Gosto de imaginar que ilhas significam-se ― fazem-se dizer por signos ― mediante barcos que se aventuram nas águas que as separam, mas também as unem: as águas podem ser oceânicas ou simples veredas, salgadas ou doces, profundas, turbulentas e mais difíceis de navegar, ou arroios cristalinos que escorrem transparentes entre pedras e vegetação de grande frescor. Os barcos, as palavras. E tudo o mais que diz respeito à palavra afeto, no sentido de afetar, atravessar. Escrever e ler são pontas de ilhas que se fazem significar ― os trajetos dependem dos barcos, das ilhas, das águas que as separam. Este blog não pretende nada, exceto lançar barcos que eventualmente alcancem outras ilhas. Barquinhos de papel.
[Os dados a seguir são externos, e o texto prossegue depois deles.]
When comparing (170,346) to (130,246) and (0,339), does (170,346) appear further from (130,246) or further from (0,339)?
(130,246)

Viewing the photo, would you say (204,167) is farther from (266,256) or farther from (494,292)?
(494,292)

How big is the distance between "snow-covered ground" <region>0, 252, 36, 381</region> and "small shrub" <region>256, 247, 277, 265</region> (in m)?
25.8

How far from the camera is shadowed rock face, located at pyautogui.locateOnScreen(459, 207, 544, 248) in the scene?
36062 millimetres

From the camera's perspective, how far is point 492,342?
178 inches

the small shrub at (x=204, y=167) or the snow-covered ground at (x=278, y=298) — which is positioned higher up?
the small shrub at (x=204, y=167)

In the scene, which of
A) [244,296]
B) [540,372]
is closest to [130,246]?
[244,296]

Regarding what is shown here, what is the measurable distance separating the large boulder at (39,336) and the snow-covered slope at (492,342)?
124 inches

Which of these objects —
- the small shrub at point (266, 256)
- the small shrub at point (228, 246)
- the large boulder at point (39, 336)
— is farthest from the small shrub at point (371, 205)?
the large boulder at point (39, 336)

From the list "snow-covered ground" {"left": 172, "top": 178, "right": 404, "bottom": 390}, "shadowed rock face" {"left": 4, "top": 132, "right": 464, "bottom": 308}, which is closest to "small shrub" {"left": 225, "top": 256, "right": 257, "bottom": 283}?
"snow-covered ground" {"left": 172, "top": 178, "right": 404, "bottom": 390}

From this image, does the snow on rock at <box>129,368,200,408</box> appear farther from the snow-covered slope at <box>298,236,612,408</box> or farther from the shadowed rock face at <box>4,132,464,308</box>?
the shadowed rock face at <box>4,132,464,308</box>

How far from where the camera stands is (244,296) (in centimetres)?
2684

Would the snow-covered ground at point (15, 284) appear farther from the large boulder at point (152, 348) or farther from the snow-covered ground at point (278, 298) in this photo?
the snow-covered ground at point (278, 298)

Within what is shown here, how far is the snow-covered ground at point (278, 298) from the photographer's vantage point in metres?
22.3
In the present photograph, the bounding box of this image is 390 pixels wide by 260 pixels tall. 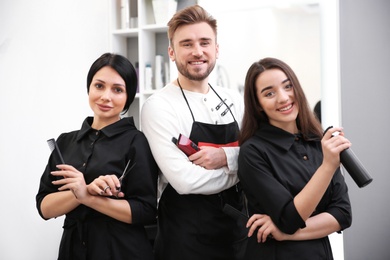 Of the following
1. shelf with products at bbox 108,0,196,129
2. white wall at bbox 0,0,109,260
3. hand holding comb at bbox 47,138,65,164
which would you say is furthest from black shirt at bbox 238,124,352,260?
shelf with products at bbox 108,0,196,129

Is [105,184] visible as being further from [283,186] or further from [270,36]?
[270,36]

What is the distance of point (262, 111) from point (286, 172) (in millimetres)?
288

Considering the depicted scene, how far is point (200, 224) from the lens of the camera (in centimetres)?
177

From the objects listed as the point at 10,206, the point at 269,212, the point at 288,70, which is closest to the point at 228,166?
the point at 269,212

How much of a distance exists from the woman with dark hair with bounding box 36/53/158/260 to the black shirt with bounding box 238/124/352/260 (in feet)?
1.31

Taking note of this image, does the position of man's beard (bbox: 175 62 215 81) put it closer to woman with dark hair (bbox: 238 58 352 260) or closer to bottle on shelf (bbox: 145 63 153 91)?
woman with dark hair (bbox: 238 58 352 260)

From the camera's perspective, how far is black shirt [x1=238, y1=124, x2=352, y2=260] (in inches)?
55.8

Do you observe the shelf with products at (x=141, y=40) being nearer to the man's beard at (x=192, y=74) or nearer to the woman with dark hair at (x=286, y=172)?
the man's beard at (x=192, y=74)

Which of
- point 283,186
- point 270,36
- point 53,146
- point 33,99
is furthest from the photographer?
point 270,36

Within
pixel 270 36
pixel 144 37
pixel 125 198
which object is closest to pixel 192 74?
pixel 125 198

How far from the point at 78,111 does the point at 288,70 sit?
2.03 m

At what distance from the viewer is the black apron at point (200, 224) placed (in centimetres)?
176

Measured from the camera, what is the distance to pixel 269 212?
1440mm

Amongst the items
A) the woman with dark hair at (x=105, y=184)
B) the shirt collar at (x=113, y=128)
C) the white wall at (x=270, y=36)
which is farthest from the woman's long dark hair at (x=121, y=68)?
the white wall at (x=270, y=36) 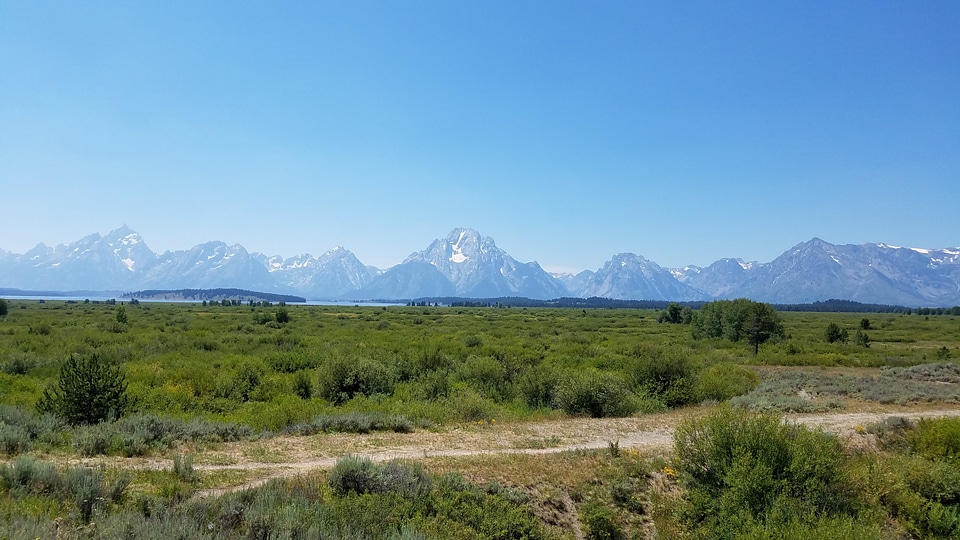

quinta-feira, 12 de abril de 2012

Álvaro de Campos: versos de estranhamento

Através do ruído do café cheio de gente
Chega-me a brisa que passa pelo convés
Nas longas viagens, no alto mar, no verão
Perto dos trópicos (no amontoado nocturno do navio ―
Sacudido regularmente pela hélice palpitante ―
Vejo passar os uniformes brancos dos oficiais de bordo).
E essa brisa traz um ruído de mar-alto, pluromar
E a nossa civilização não pertence à minha reminiscência.

PESSOA, Fernando. Poesia completa de Álvaro de Campos. Ed. Teresa Rita Lopes. São Paulo: Companhia de Bolso, 2007, p.100.